WORK ITEM: Transcribe only what runs from the line containing "Stain the thick" through the end of the listing, line for line and exactly, and omit the pictures.

INFORMATION PROVIDED:
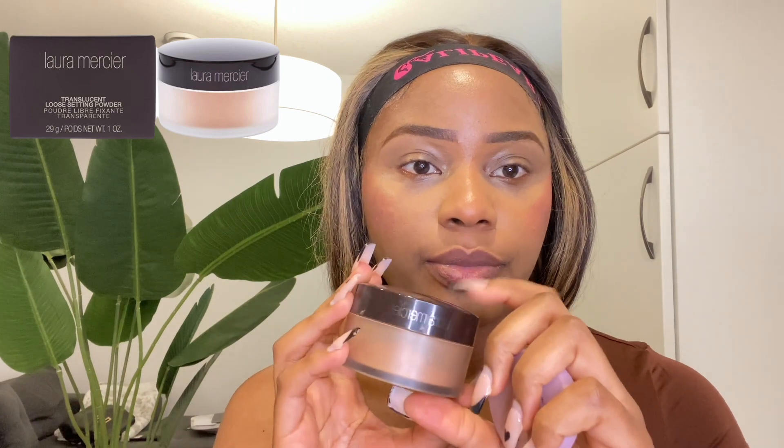I'm going in with this blush — this is my favorite blush, I love putting blush on — so I'm gonna use this and just try to blend it properly. Then I'm gonna go in with the Laura Mercier setting powder.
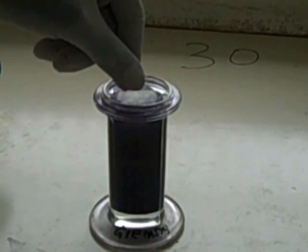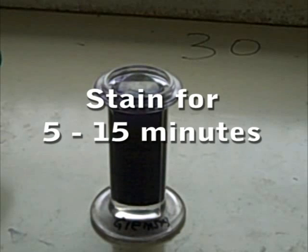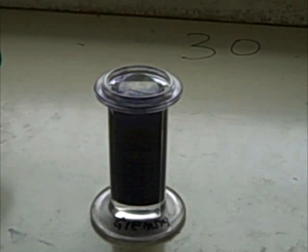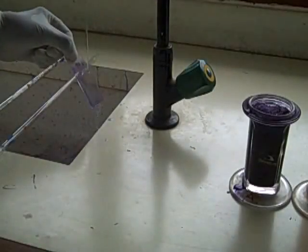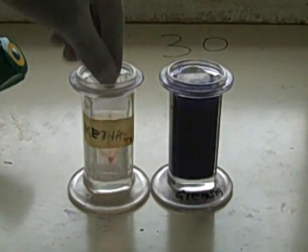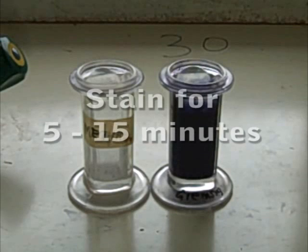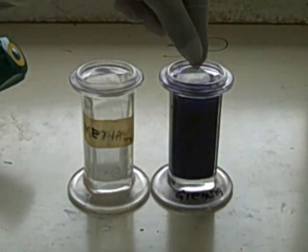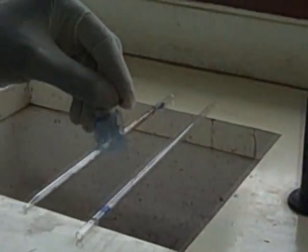Stain the thick smear in a 1 in 10 dilution of Giemsa for 5 to 15 minutes. Wash the excess stain under tap water or buffered water. For the thin smear, first fix in methanol for 2 seconds, then put it in Giemsa 1 in 10 dilution for 5 to 15 minutes. Wash the excess stain under tap water or buffered water and air dry.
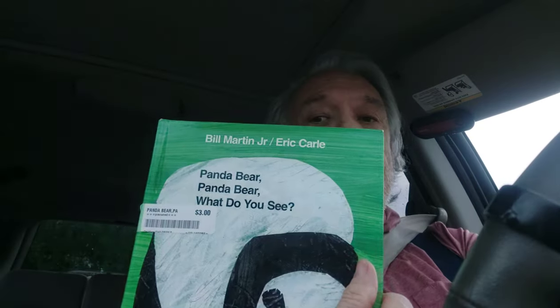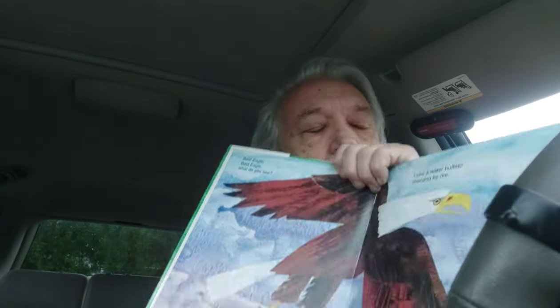'Panda Bear, Panda Bear, What Do You See?' — so this is a book where they each see something and then that sees something. It kind of looks like it would be interesting to read.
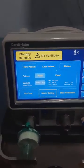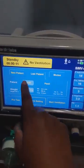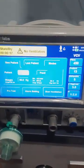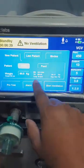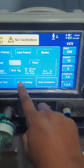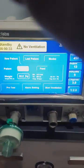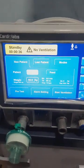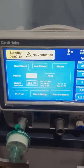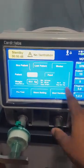Here you can see options for new patient or last patient settings. Whenever we start a ventilator for a new patient we select new patient settings. It has both adult and pediatric options, and as per weight it has preset values. So if you are handling an emergency case — for example road traffic accidents where the patient comes in unconscious or in respiratory arrest — you can directly input the weight of the patient.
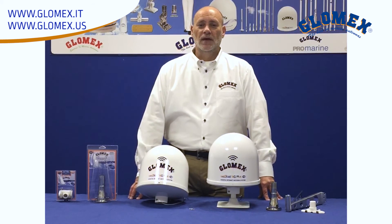Thank you for your attention. For more information on this and other products, please visit us on the web at www.glomax.it or www.glomax.us. And remember, you're never alone on the water.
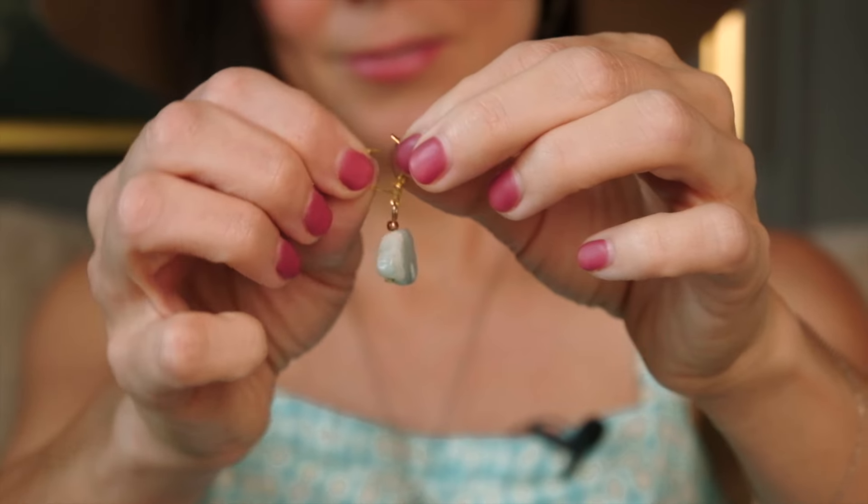It helps to have some removable stitch markers so that you can pin the corners together before you begin seaming. You're going to use the zigzag stitch to seam all of the squares together horizontally, and then you're going to do the same and seam them all together vertically.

ANSWER FOR THE TASK:
Stain the thick smear in a 1 in 10 dilution of Giemsa for 5 to 15 minutes. Wash the excess stain under tap water or buffered water. For the thin smear, first fix in methanol for 2 seconds, then put it in Giemsa 1 in 10 dilution for 5 to 15 minutes. Wash the excess stain under tap water or buffered water and air dry.
'Panda Bear, Panda Bear, What Do You See?' — so this is a book where they each see something and then that sees something. It kind of looks like it would be interesting to read.
Here you can see options for new patient or last patient settings. Whenever we start a ventilator for a new patient we select new patient settings. It has both adult and pediatric options, and as per weight it has preset values. So if you are handling an emergency case — for example road traffic accidents where the patient comes in unconscious or in respiratory arrest — you can directly input the weight of the patient.
Thank you for your attention. For more information on this and other products, please visit us on the web at www.glomax.it or www.glomax.us. And remember, you're never alone on the water.
It helps to have some removable stitch markers so that you can pin the corners together before you begin seaming. You're going to use the zigzag stitch to seam all of the squares together horizontally, and then you're going to do the same and seam them all together vertically.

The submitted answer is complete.